*Work request*
The lines to extract run from the start of the records through the line with "Renault Scenic 2012", both ends included; drop the pictures.

Captioned web image data:
####################

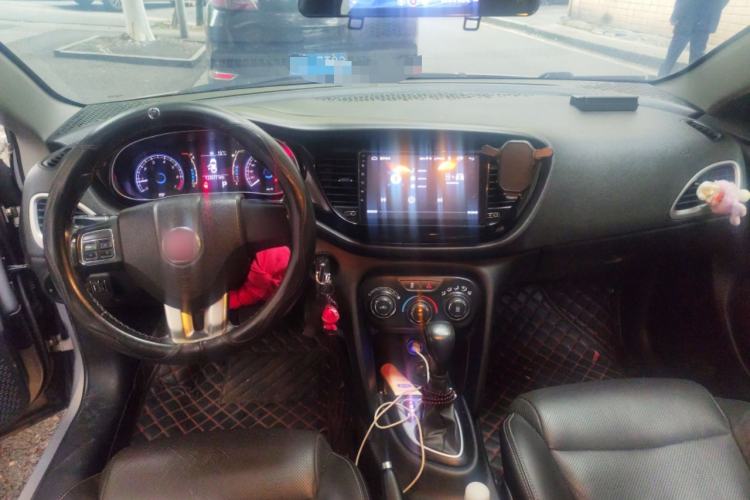 Used Fiat Viaggio 2012 1.4T Automatic Jingxiang Edition Center Console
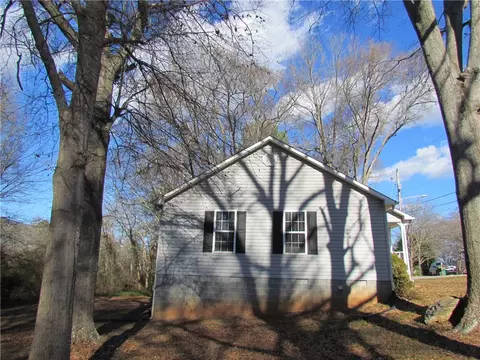 6 Pine Ln, Williamston, SC 29697 photo 18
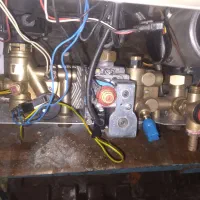 پکیچ آلزان|آبگرمکن، پکیج، شوفاژ|خرمدره, |دیوار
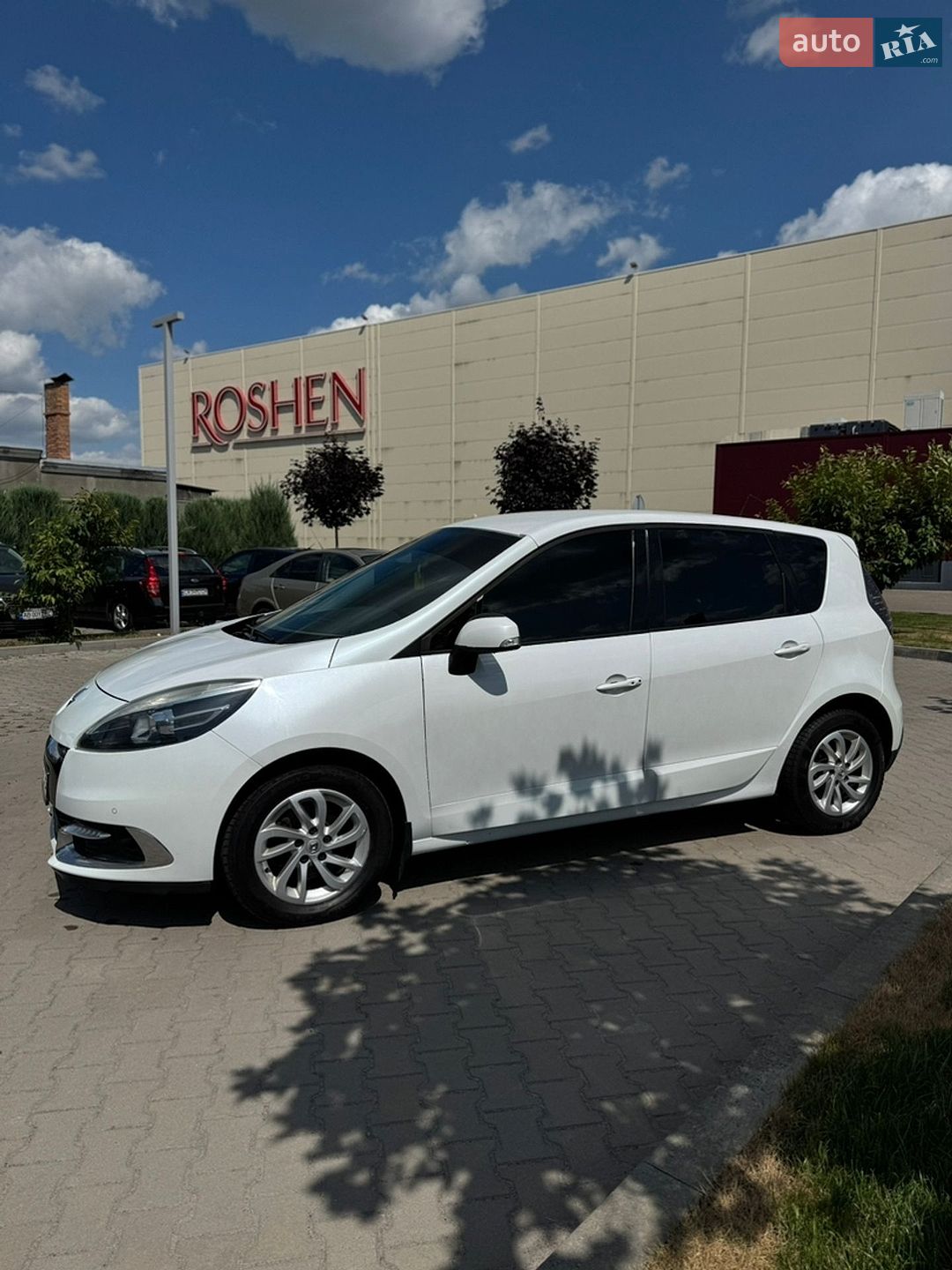 Renault Scenic 2012 VIN VF1JZ140647110565 фото оголошення 4 з 16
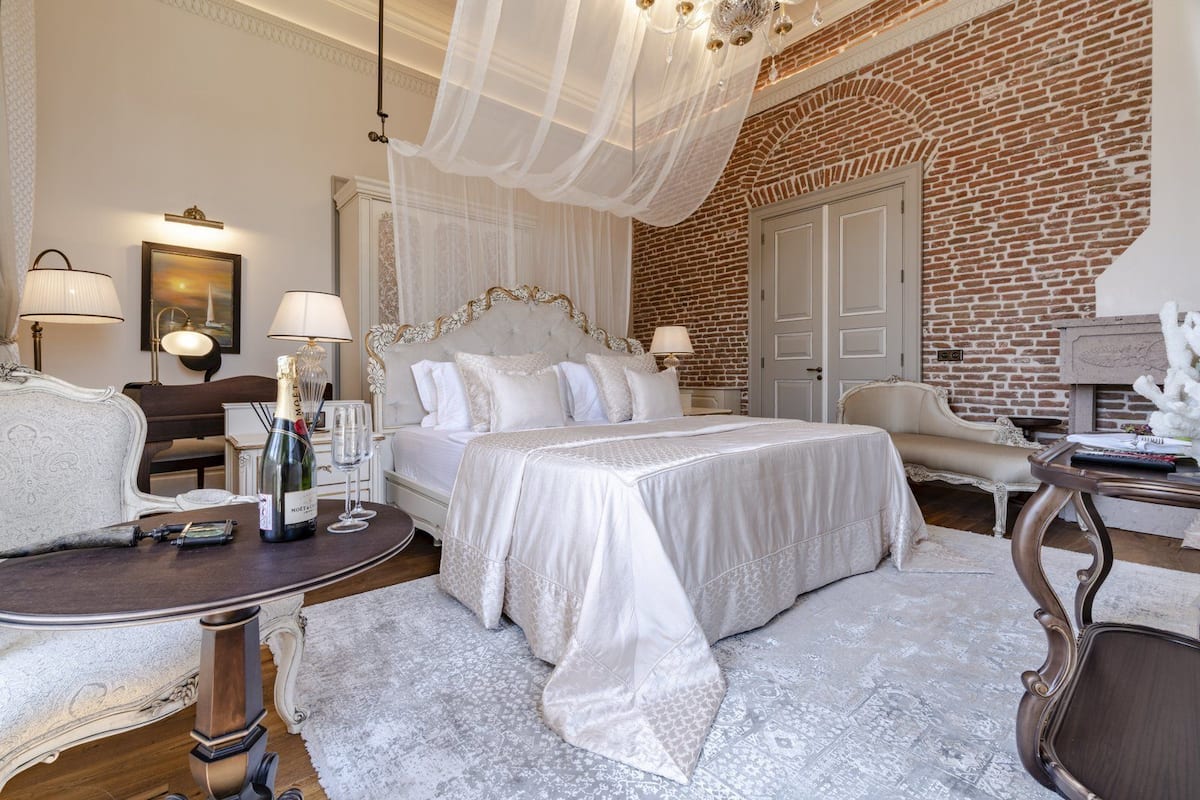 Suite Premium, 1 cama de matrimonio, bañera de hidromasaje, vistas al mar | 1 dormitorio, ropa de cama de alta calidad, caja fuerte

####################

*Written answer*
 Used Fiat Viaggio 2012 1.4T Automatic Jingxiang Edition Center Console
 6 Pine Ln, Williamston, SC 29697 photo 18
 پکیچ آلزان|آبگرمکن، پکیج، شوفاژ|خرمدره, |دیوار
 Renault Scenic 2012 VIN VF1JZ140647110565 фото оголошення 4 з 16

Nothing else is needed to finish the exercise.